On different occasions Ian would ask about his circumstance. In every conversation or relayed message, Ian grew to recognize that life is about love and connection. Life is about courage and perseverance. Life is about embracing the gift of who we each are no ands, ifs, or buts. Ian's life made a lasting impression, Ian's life exceeded his own hopeful expectations. He was a bit stubborn that way. Ian was a boy who lived on his terms and not by the limitations nature imposed on him.  

Before his Bat Mitzvah celebration I asked Ian to describe himself to me. He said he was funny and caring, and had a big smile. I told him he was also brave and very cool. At his Bar Mitzvah, I told Ian: You are G-d's precious and special gift to your family and us all. Your smile and good nature let us know how kind and fun you are, how sensitive and sweet you are, how precious and special you are. You are more a superhero than anyone else! You take every opportunity you can, and you succeed because you are so determined and brave." In his eyes, I saw Ian's approval that he became who he wanted to be. 

Becca, at that same moment, as you became a Bat Mitzvah I reminded you that you have grown to be a sweet and caring young woman, someone who is friendly, creative, and busy. Because you balance your sensitivity for Ian with your own self-confidence, you were your brother's partner. Everything good we say about him you helped him to become. You are precious and pure and grateful for your family. All of us here believe you always will be. 

Like Becca, Ian is, as he was, precious and pure. Blessed with a feeling soul and gentle heart, what we might describe as an old soul, Ian lived a meaningful inner life for a young person. That's how he helped his family, friends, teachers, and caregivers help and support him.

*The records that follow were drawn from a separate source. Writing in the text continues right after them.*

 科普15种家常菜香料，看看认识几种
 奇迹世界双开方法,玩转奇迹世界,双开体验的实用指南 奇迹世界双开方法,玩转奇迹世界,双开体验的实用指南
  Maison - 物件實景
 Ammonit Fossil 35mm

In our profound sadness today, we are grateful to everyone whose care of and love for Ian enabled the fullness and goodness of his life.

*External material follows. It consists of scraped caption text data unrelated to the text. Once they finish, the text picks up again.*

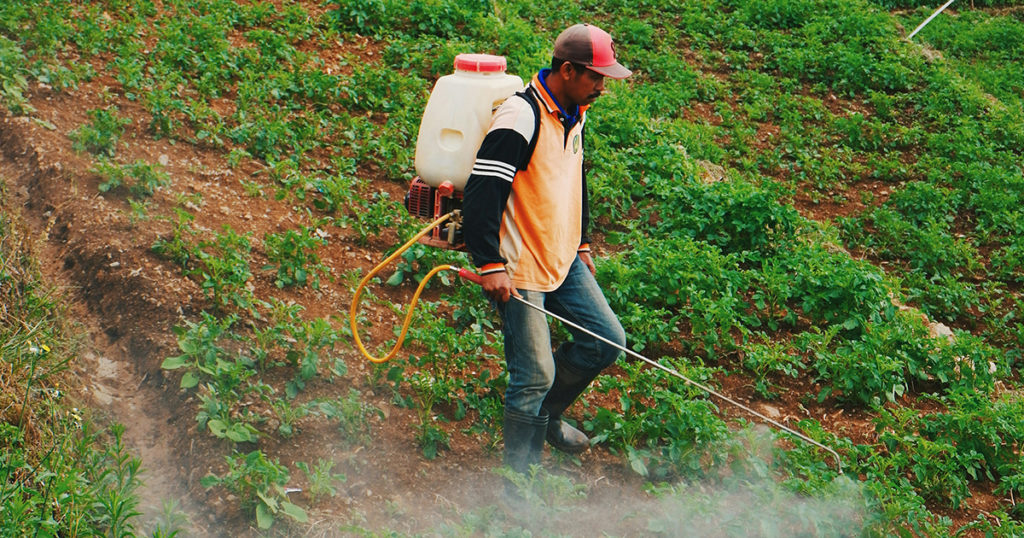 Contaminação passiva por agrotóxicos em agricultores continua sem solução
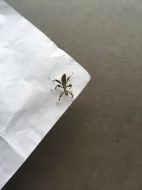 Lupenitka filipínská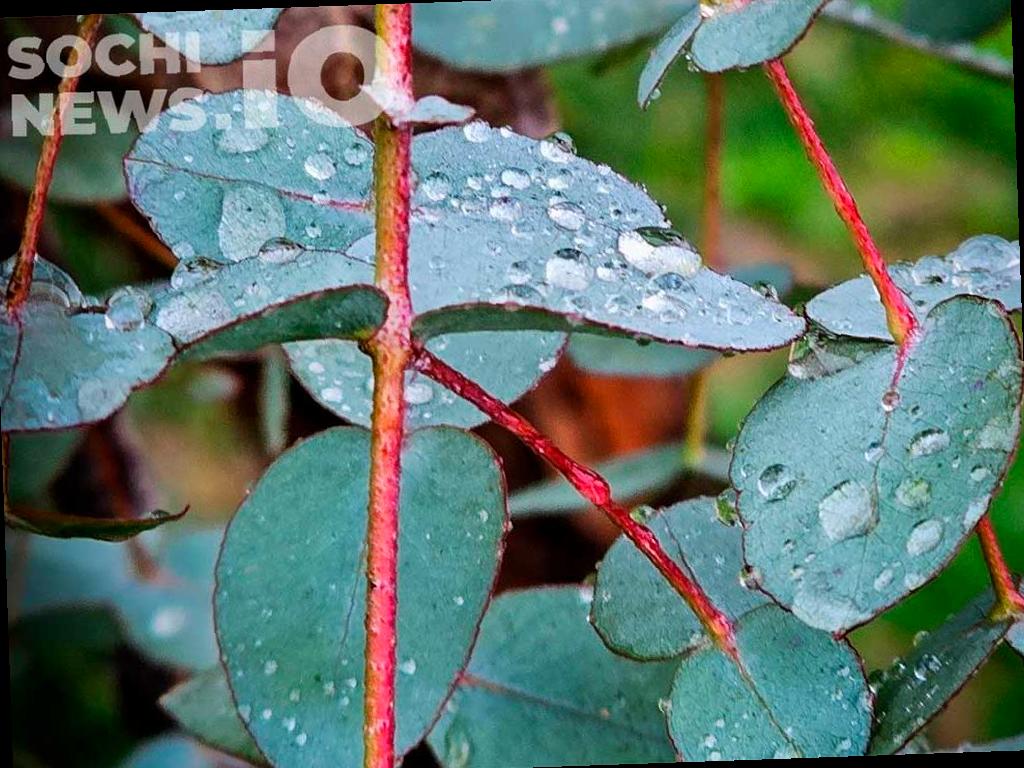 В конце недели в Сочи ожидаются дожди и грозы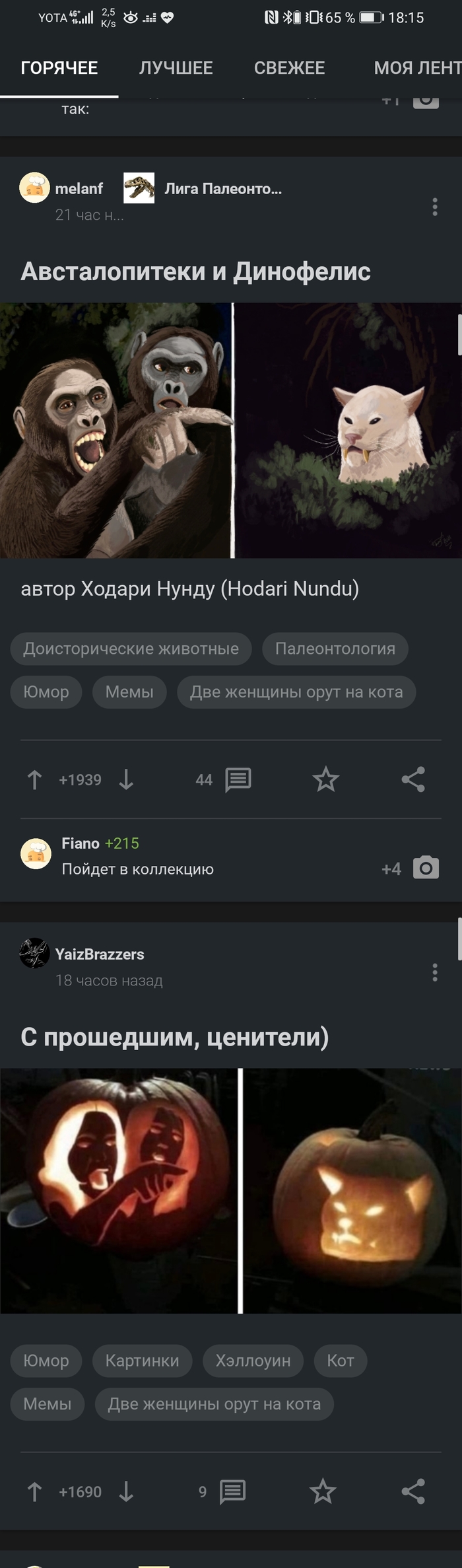 ����������?)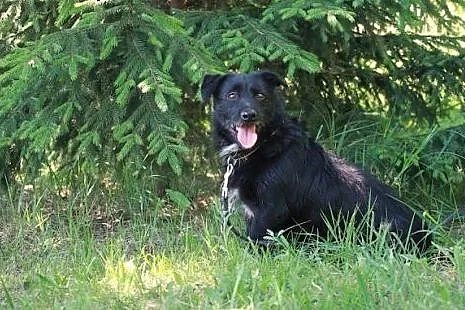 Dox- szorstek szuka domu!   ,  kujawsko-pomorskie 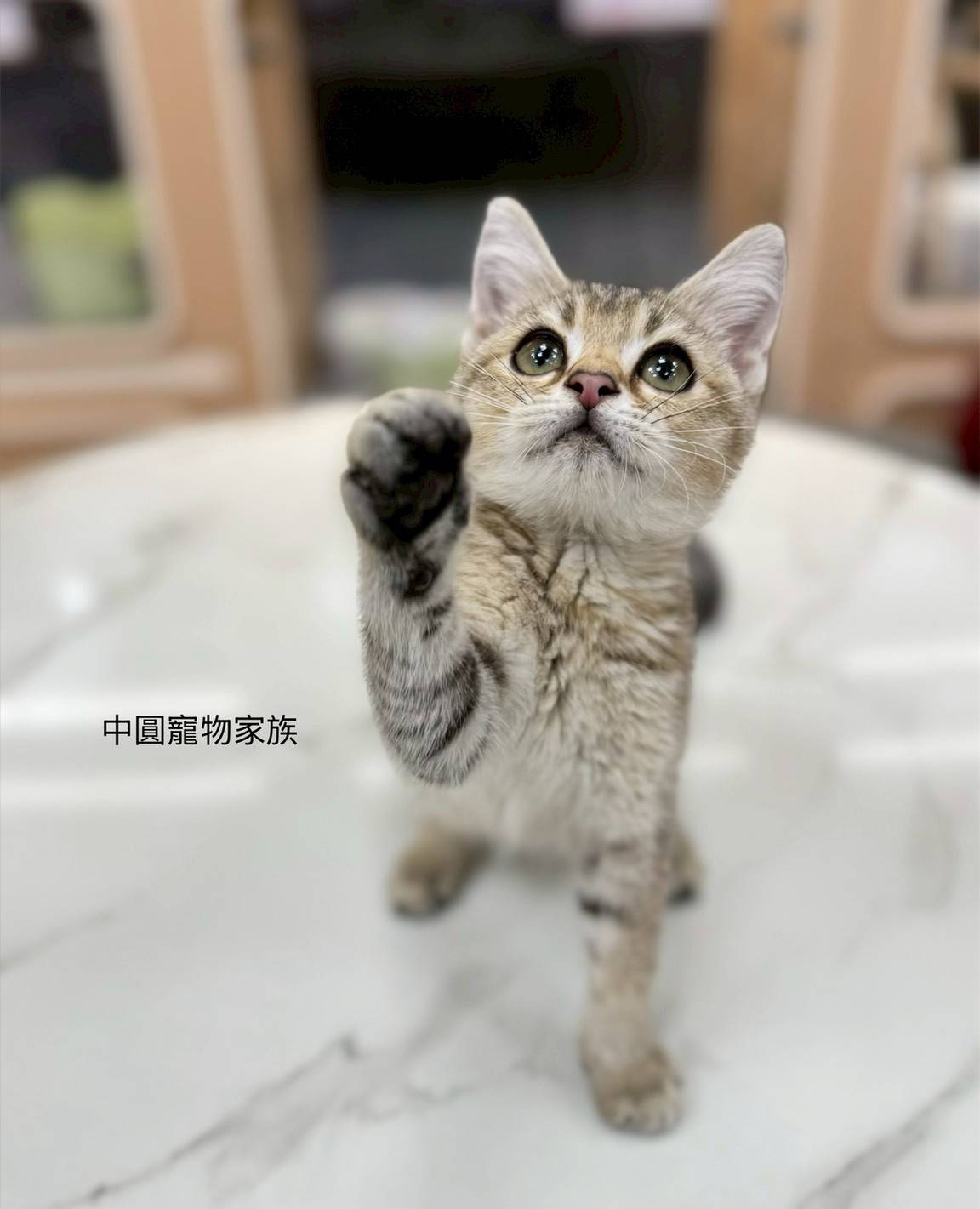 中圓寵物家族／虎斑紋英國短毛貓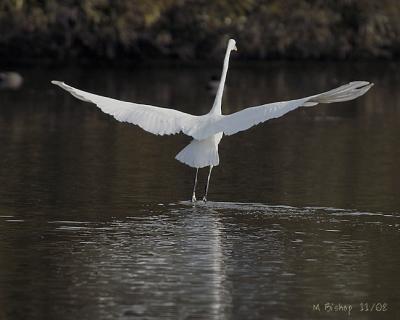 u13/canyonlu/medium/6986084.egretwings.jpg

Marci and Brian, you are also superheroes. Your gracious, generous, and unconditional love gave Ian and Becca every precious hope and opportunity. It's no wonder Ian's spirit was so vibrant. He's your son. He inherited and demonstrated your joy for life and your ability to love so openly, compassionately, and honestly.

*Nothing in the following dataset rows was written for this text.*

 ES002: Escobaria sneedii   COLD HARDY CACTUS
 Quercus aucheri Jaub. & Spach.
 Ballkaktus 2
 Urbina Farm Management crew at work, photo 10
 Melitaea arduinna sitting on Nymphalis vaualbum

Even in your unbearable sorrow today, Marci ad Brian, I pray you will come to remember with pride and joy the quality and intensity of the life you enabled Ian to have and to enjoy. Beside you and sustaining you in this task, as always, will be your loving families and the rest of your extended family who with all of us your friends embrace you and carry you through the burden of your, and our, sorrow.

As Ian's life demonstrates, we stand humble and vulnerable before the risks and frailties of life. That's why we need to sustain and support each other every day. Over time we may imagine what Ian might have experienced in the days and years to come. Ian's entire family most certainly wishes to know. Remember that Ian's bright, smiley face and love of life remain far more important then what we all feel at this sad moment. The wonder and goodness of his life will always be a part of your own - and all of us will help this to be so.

Today we call upon love in the face of life's mystery and this tragedy. We look for the light of day that it not hide from us during the darkness of this difficult night. We look for hope amidst our despair. We cherish the days that were Ian's. They are all a compelling source of strength and significance, of joy and happiness. Even wanting so many more, be grateful for every day you shared with Ian.

Ian gave you a gift. More years and time than at first imagined. Deeper love and joy than at first appreciated. More enduring memories and experiences than at first expected. Believe with me. The courage, love and goodness of Ian's life will live on in the hearts of his parents, his sister, his grandparents, aunts and uncles, cousins, family members and friends. Through our sorrow and our bonds we will discover the same resilience and blessings of G-d that Ian knew.

G-d endowed Ian with "Ian-sense." The ability to live with his sense of humor, is courage and tenacity, and above all with his love to overcome obstacles. Like Spiderman Ian was a superhero. Except Ian was the real deal, our genuine hero whose zest for life and infections smile will always inspire us.